Church of St. James the Martyr, Poduyane Quarter, Sofia, Bulgaria, late-1990s. Note the concrete panel block apartment house in the background, a late-Soviet-era solution to urban housing shortages and a parallel to the red-brick “projects” that rose to pockmark US urban landscapes during the 1940s-1960s.  (Toyo field camera, 6x9cm back, 55mm Rodenstock lens, b/w negative film (probably 400ASA), scan of print). Click on image to enlarge.

The photo above shows a curiously Italianate-looking church in Poduyane, a suburb of Sofia, Bulgaria, annexed to the city late in the 19th century.

A Careless Assumption

When I took the photo, fifteen or so years ago, I  assumed that the church dated from the turn of the nineteenth century to the twentieth, a time when the newly-formed nation-state of Bulgaria was inventing “national styles” of its own.  It was not until last winter that I returned to the church to take a closer look.  My initial assumption turned out to be far from correct.  According to a  dedicatory plaque in the vestibule of the church, the edifice was built in the 1950s on the site of a church of the same name  that had been destroyed by bombing during the Second World War.  The plaque in the present-day church, however, neglected to say why the site had been bombed or by whom.  During the 1930s and up to 1944, when it switched sides following occupation by the Soviet Union, Bulgaria had been an enthusiastic ally of Nazi Germany.  The country gave the Nazis access to its gold reserves and  an overland route through which to solidify the occupation of Greece and, with it, an opening to the Mediterranean — this in return for support of Bulgaria’s irredentist land-grabs at the expenses of Greece, Romania, and that part of Yugoslavia that is now Macedonia. For good measure, Bulgaria also glibly adopted German “racial” policies and passed and enforced a “Law for the Protection of the Nation” that was even more stringent than the Nazi’s own anti-Jewish Nuremberg Laws.

A Careless Bombardment

Poduyane, as the etymology of its name suggests, is a high, plateau-like area.  Tracks leading from Sofia’s main rail-head eastward towards Thrace and on to Istanbul beyond have, since the rise of the railroad, traced the borderline between Poduyane and Sofia proper. My assumption is that one or more planes tasked with destroying the rail-head released their bombs moments too soon, flattening the original Church of St. James the Martyr and its surroundings in the process.  But, as shown above, my assumptions are, as often as not, equally off-target.

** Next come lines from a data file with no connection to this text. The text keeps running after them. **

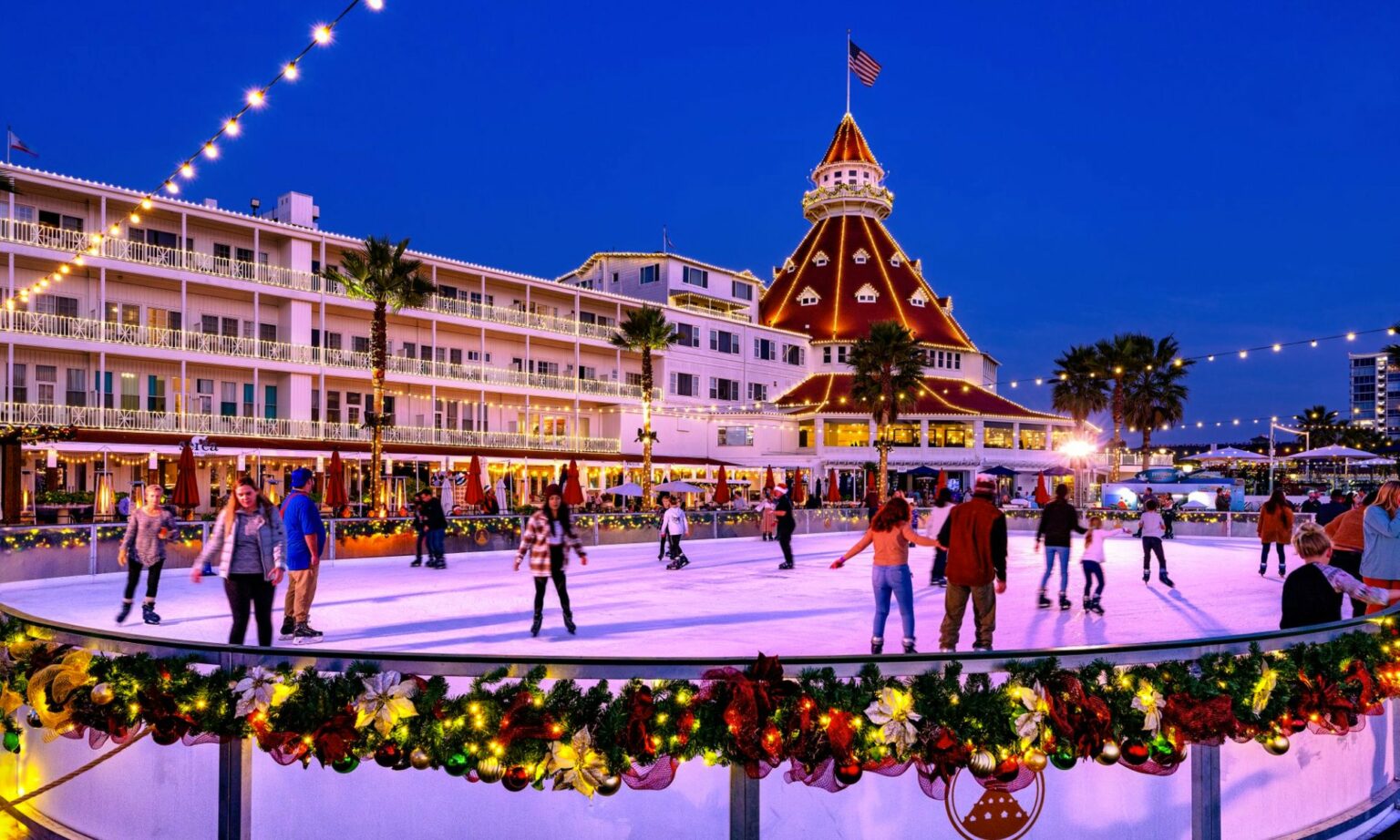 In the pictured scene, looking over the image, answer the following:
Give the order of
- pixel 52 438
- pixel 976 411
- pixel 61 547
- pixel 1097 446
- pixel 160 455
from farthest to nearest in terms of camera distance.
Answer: pixel 1097 446
pixel 976 411
pixel 160 455
pixel 52 438
pixel 61 547

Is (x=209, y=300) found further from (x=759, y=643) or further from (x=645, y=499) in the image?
(x=759, y=643)

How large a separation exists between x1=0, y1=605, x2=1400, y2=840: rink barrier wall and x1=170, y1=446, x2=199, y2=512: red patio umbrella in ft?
63.3

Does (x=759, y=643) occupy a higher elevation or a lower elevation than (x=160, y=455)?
lower

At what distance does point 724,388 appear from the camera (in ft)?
177

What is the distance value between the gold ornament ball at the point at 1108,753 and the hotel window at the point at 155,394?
36557 mm

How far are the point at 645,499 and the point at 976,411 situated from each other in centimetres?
2604

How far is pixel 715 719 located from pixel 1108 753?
1.61 meters

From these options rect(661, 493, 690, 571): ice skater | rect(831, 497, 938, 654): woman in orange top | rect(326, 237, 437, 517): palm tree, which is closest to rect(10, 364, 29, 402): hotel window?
rect(326, 237, 437, 517): palm tree

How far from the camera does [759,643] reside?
398 inches

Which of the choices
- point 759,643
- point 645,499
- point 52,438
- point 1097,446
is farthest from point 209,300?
point 1097,446

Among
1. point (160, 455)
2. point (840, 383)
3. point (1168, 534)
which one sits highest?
point (840, 383)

Photographic Footnote: A Once-Strong Back

Years ago, when my back was stronger and time seemed more plentiful, I regularly took to the streets with a metal tripod slung over one shoulder and a heavy bag containing field camera, lenses, and roll-film backs over the other. The photo above was taken with such a rig on a freezing mid-winter Sunday.  Technical limitations of my field camera, together with the effects of the cold on my un-gloved fingertips, led me to adjust the camera less rigorously than I might have done otherwise … thus the oval-shaped “yaw” distortion deforming the crow’s nest atop the church’s bell-tower.